We at the store were encouraged by our regional manager to say things such as "this essential oil helps to detox your body" (actually, your body removes toxins on its own through your normal respiratory and metabolic processes - if you actually need a toxin removed, you are probably lying unconscious or in pain in an ICU somewhere and not buying herbs or essential oils in a shop), or "this oil is popular in Europe" (well, so was Fascism**), or, my favorite, "this product has been proven in clinical trials" (no joke, the "clinical trials" involved a small group of women who were given free samples and asked leading questions by a company employee, these were clinical trials in precisely the same way that I am the Emperor of Spain).
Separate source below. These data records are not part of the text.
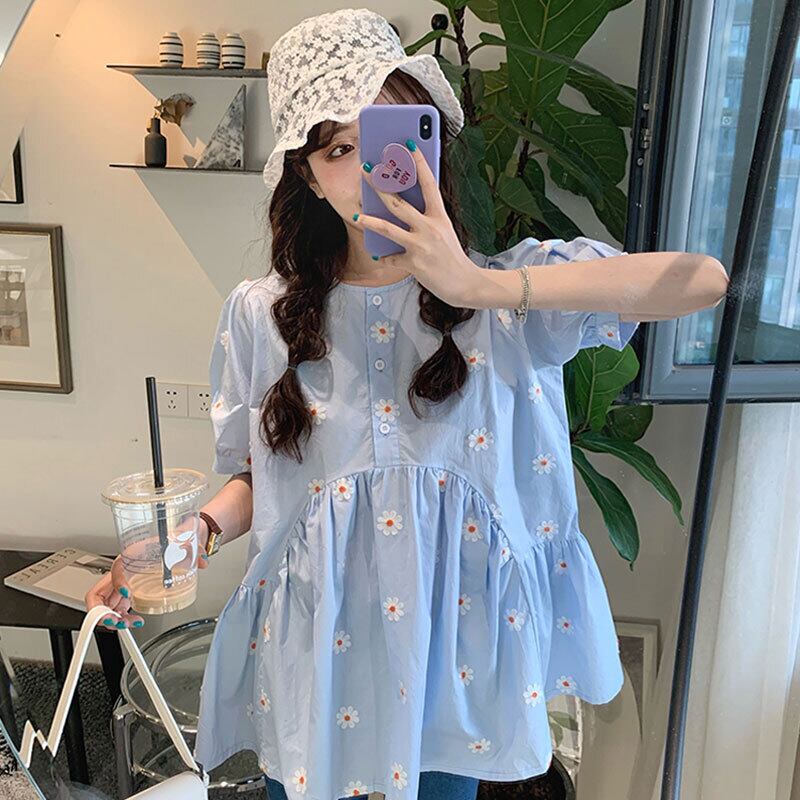 トップス プリント柄シャツ サマースタイルプリーツ 夏物 萌量不足33182191272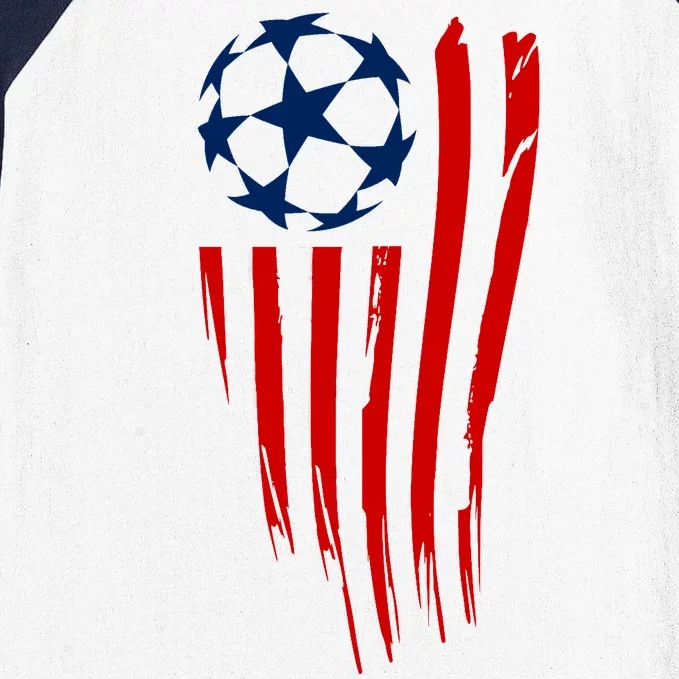 Soccer Ball American Flag Baseball Sleeve Shirt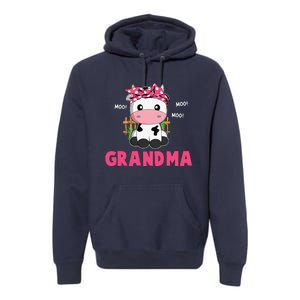 Funny Grandma Cow Cute Cow Farmer Birthday Matching Family Premium Hoodie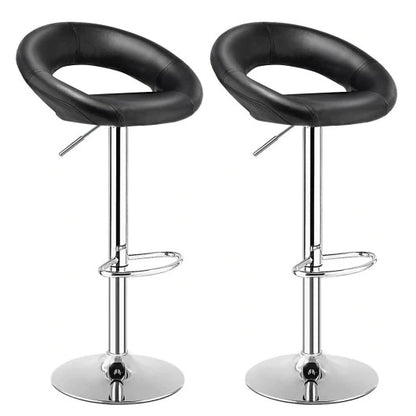 2 x  Royal Designer Bar Stools Moon Chairs (BLACK - Set of 2)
So, what's an honest man to do?

Well, I did something that would have annoyed the regional manager had she ever been there to see it. People would come in, having been sent by their psychic***, and would say something like "I was told to buy lavender oil, because lavender helps you relax****"

I would respond with a simple question: "Do you like the smell of lavender?"
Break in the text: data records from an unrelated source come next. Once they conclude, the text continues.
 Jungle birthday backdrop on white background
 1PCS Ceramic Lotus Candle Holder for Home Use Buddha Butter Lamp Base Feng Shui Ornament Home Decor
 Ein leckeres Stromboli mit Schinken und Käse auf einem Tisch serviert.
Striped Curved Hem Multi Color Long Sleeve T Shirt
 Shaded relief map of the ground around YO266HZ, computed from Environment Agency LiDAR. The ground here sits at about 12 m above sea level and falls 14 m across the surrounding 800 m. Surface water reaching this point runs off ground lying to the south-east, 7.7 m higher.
If they said "yes", then I would reply that lavender might help them relax and sell them what they were asking for. If they said "no" then I would say "if you don't like the smell of lavender, do you think it'll actually be relaxing to have it around? What scents do you like?" and we would begin finding something that they might actually enjoy having around (and which might, therefore, help them to relax).

And I never, NEVER claimed that the oils did anything medical or magical. When anyone would ask me about it, I would be honest and say that when I looked at the actually data, I was generally unimpressed, and that those plant compounds that are effective tend to get used by pharmaceutical companies making medications to do what the plant oils are claimed to do (yep, big pharma is perfectly happy to use natural compounds to get the desired medical - or, unfortunately, increasingly marketing - results).

The oils could be nice, they had a pleasant aroma, after all. But whenever anyone would ask me to recommend an oil for a medical condition, I always told them to talk with their doctor, as their doctor would be far more qualified to deal with medical issues than an underpaid soap shop employee.







*Amusingly, I also often meet people who are members of neo-pagan religions who claim that aromatherapy must work because of it's connection to Medieval Europe. This seems odd, as the people who they are citing as wise authorities are the same people who thought that burning non-Christians in their homes was a damn fine way to spend a Saturday night.

**Thank you, Mark Crislop

***no joke, most of the people who came in for aromatherapy products told me that they had been referred to us by a psychic, while most of the people who came in for skin scream told me that they had been sent by their plastic surgeon. Ahhh, southern California...

****Depending on which aromatherapist you ask (and I asked quite a few during this odd period in my life), you may be told that lavender helps you relax, or that it helps you to be more alert and ready to act. Two, mutually exclusive reactions, really, so which one is it?